Ingredients:

  • 5 cups (600g) fresh rhubarb, cut into 1-inch pieces
  • 1/2 cup (100g) granulated sugar
  • 1 tbsp (15g) cornstarch
  • 1 tsp (5ml) lemon juice
  • 1/2 tsp (1g) ground cinnamon
  • 1 cup (90g) old-fashioned rolled oats
  • 1/2 cup (65g) all-purpose flour
  • 1/2 cup (110g) packed light brown sugar
  • 1/2 cup (115g) unsalted butter, cold and cubed
  • 1/2 tsp (3g) ground cinnamon
  • 1/4 tsp (1.5g) kosher salt

Instructions:

  1. Preheat your oven to 375°F (190°C).
  2. In a medium bowl, toss the chopped rhubarb with granulated sugar, cornstarch, lemon juice, and 1/2 tsp cinnamon until evenly coated.
  3. Pour the rhubarb mixture into a 9x9 inch baking dish and spread evenly.
  4. In a large bowl, whisk together the rolled oats, all-purpose flour, light brown sugar, 1/2 tsp cinnamon, and salt.
  5. Add the cold, cubed butter to the flour mixture.
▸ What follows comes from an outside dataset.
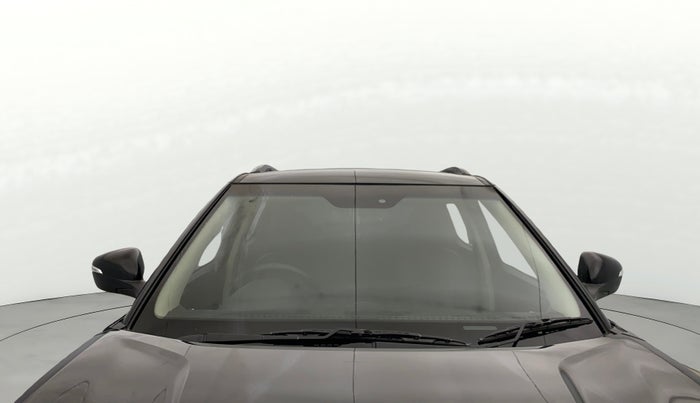 2023 Mahindra XUV300 W8 (O) 1.2 PETROL, Petrol, Manual, 27,880 km, Front Windshield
Use a pastry cutter or fingertips to work the butter in until the mixture resembles coarse, pea-sized crumbs.
  6. Sprinkle the crumble evenly over the rhubarb, pressing down very lightly to adhere the topping to the fruit.
  7. Bake for 30 to 35 minutes, or until the fruit juices are bubbling vigorously around the edges and the topping is golden brown.